The operator therefore initially submitted a series of commitments, essentially aimed at:

  • offering customers purchasing in the EEA versions of suites without the communication and collaboration platform and at a significantly lower price than the suites that include it, avoiding applying discounts to suites with the platform that exceed those provided for suites without it;
  • offering customers purchasing in the EEA recurring opportunities to switch to suites without the platform, allowing the implementation of such suites in data centres around the world;
  • allowing competitors effective interoperability with some of their products and services for specific functionalities;
  • allowing customers in the EEA to extract messaging data for use in competing platforms.

Following the outcome of the market test conducted by the Commission to verify whether the proposed commitments were sufficient to address the identified competition concerns, the operator further committed to:

  • increasing the price difference between suites without the platform and the corresponding versions that include it by 50%;
  • clarify that its websites, when advertising offers that include the platform, must also show the corresponding offer without the platform;
  • publish information on interoperability and data portability on all websites aimed at developers.

The commitments will last for seven years, except for those relating to interoperability and data portability, which will last for ten years.

 

European Commission launches public consultation on revision of Block Exemption Regulation and Guidelines on technology transfer agreements

On 11 September 2025, the European Commission launched a public consultation on the draft revisions to the Block Exemption Regulation applicable to technology transfer agreements (TTBER) and the related Guidelines, both in force since 2014.

In a very short overview, technology transfer agreements concern the licensing of technological rights, as identified by the TTBER. The TTBER provides for an exemption from the application of Article 101 TFEU for certain categories of technology transfer agreements that meet certain conditions, concerning the market shares of the parties to the agreement and the absence of hardcore restrictions.

By means of the draft revisions subject to public consultation, the Commission intends to review market developments and further changes that have taken place over the last decade that may have an impact on the text of the TTBER and its Guidelines, with a view to updating them.

The draft revisions are primarily aimed at reducing uncertainties encountered in practice around calculating the market shares held by the parties to the agreement, which are relevant for the application of the provisions of the TTBER, by introducing guidance and criteria for market share calculation methodologies.

The draft revisions also aim to introduce specific guidance on data licensing agreements, clarifying the conditions under which data licensing is subject to the application of the TTBER and the Guidelines.

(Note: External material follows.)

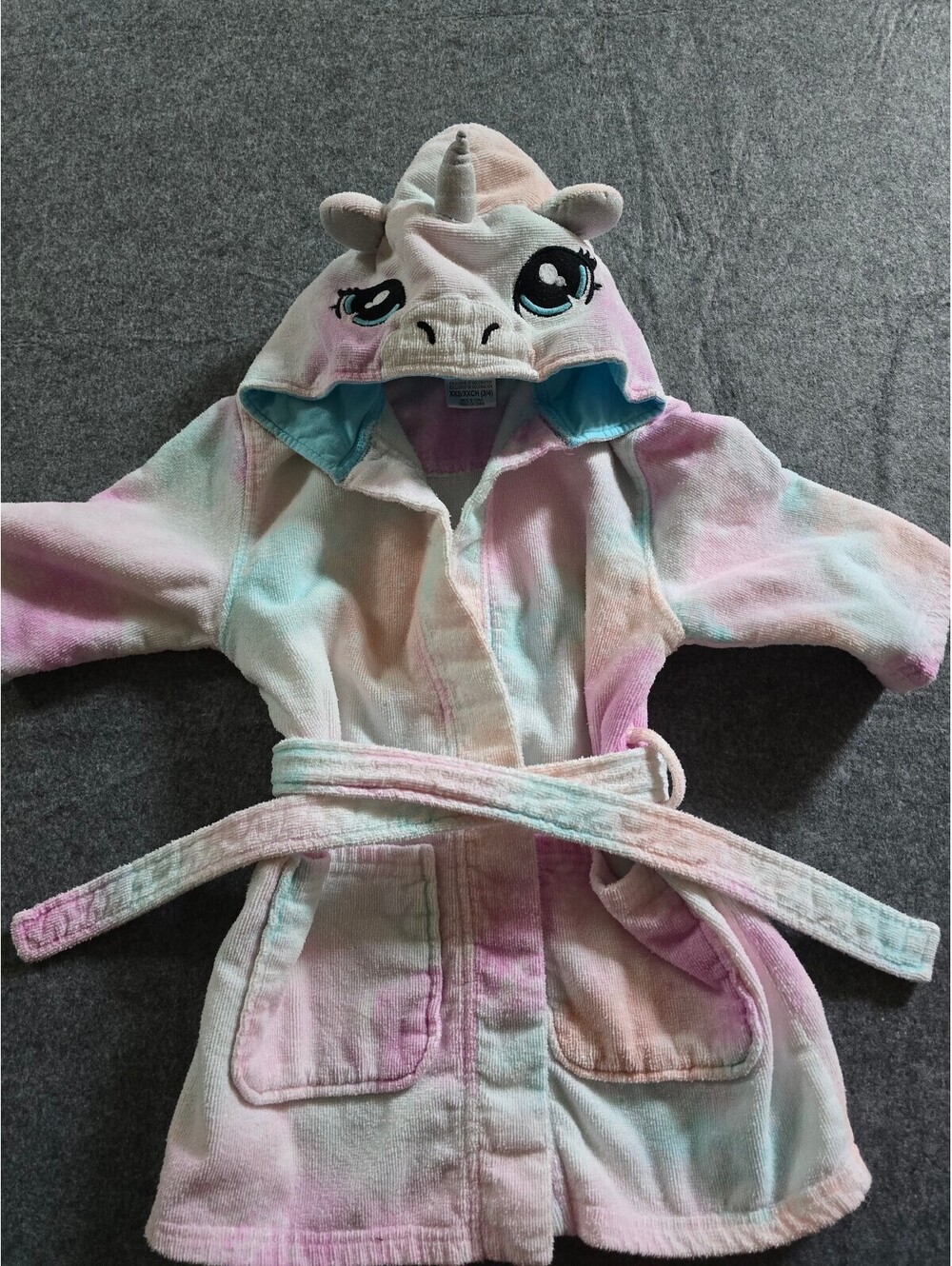 Saint Eve Kids Unicorn Hooded Bathrobe, XXS (3/4), Pastel Tie-Dye Cotton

Specific provisions will also be introduced regarding the licensing of databases protected by copyright.

The conditions applicable to technology pools, ie agreements whereby two or more parties form a package of technologies licensed to pool participants and/or third parties, are also being revised.

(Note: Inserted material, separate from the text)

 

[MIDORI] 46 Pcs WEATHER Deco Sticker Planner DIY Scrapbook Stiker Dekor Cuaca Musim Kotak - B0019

Guidance is also planned on licensing negotiation groups, ie agreements where potential licensees agree to jointly negotiate the terms of technology transfer agreements. The draft revision of the Guidelines examines in particular the possible pro-competitive effects of these agreements.

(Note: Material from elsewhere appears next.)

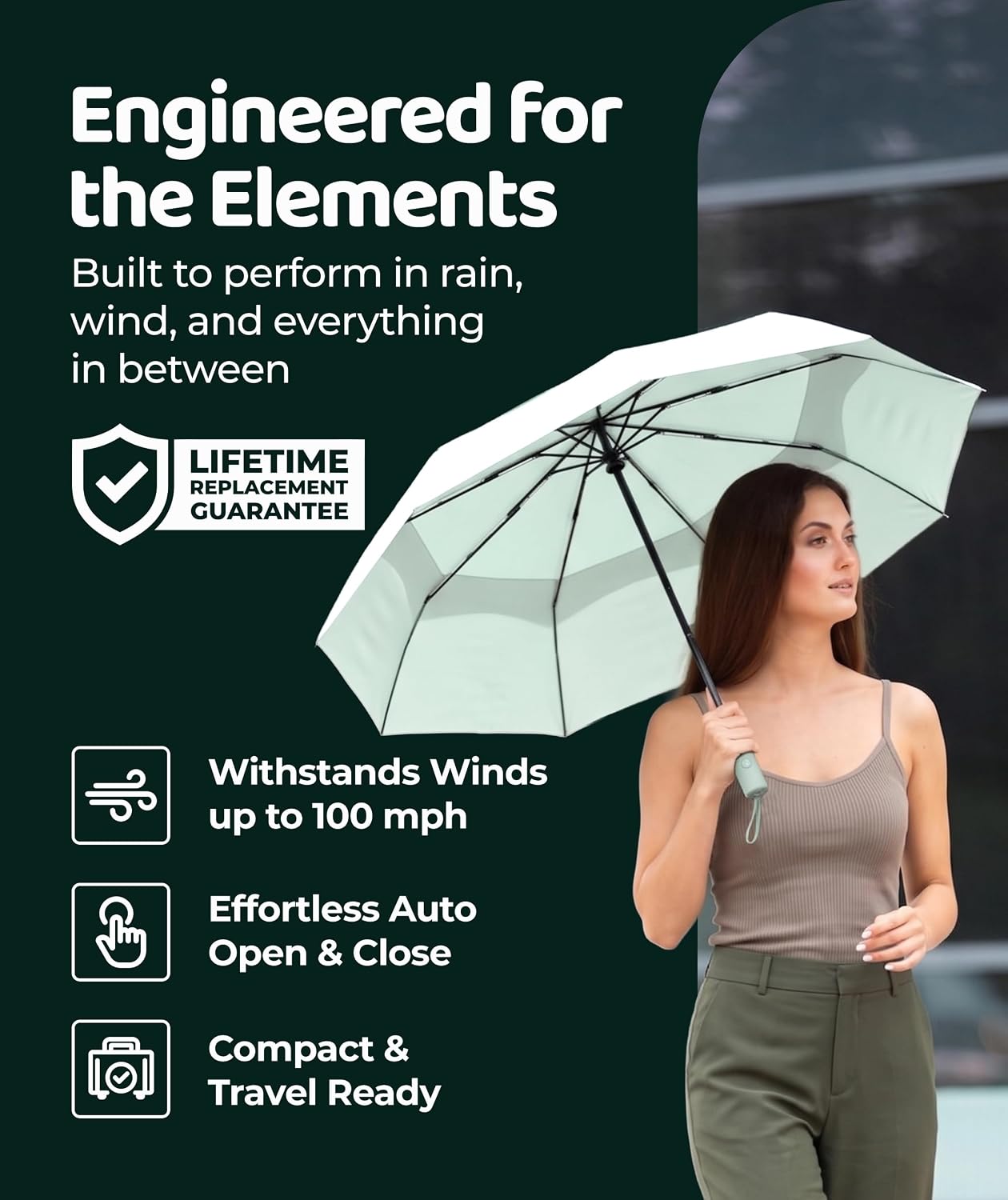 Thumbnail 1 de REPEL Windproof Travel Umbrella: Strong, Compact & Ready for 85 MPH Winds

Finally, the proposed revision of the Guidelines provides further guidance on (i) the application of Article 101 TFEU to agreements concluded by SMEs that are not likely to significantly affect trade between Member States or that do not appreciably restrict competition; (ii) revises the definition of potential competitor to take account of developments in case law and enforcement practice, and (iii) introduces additional examples of scenarios that may justify withdrawal of the benefit of the block exemption.

Interested parties are invited to submit comments by 23 October 2025.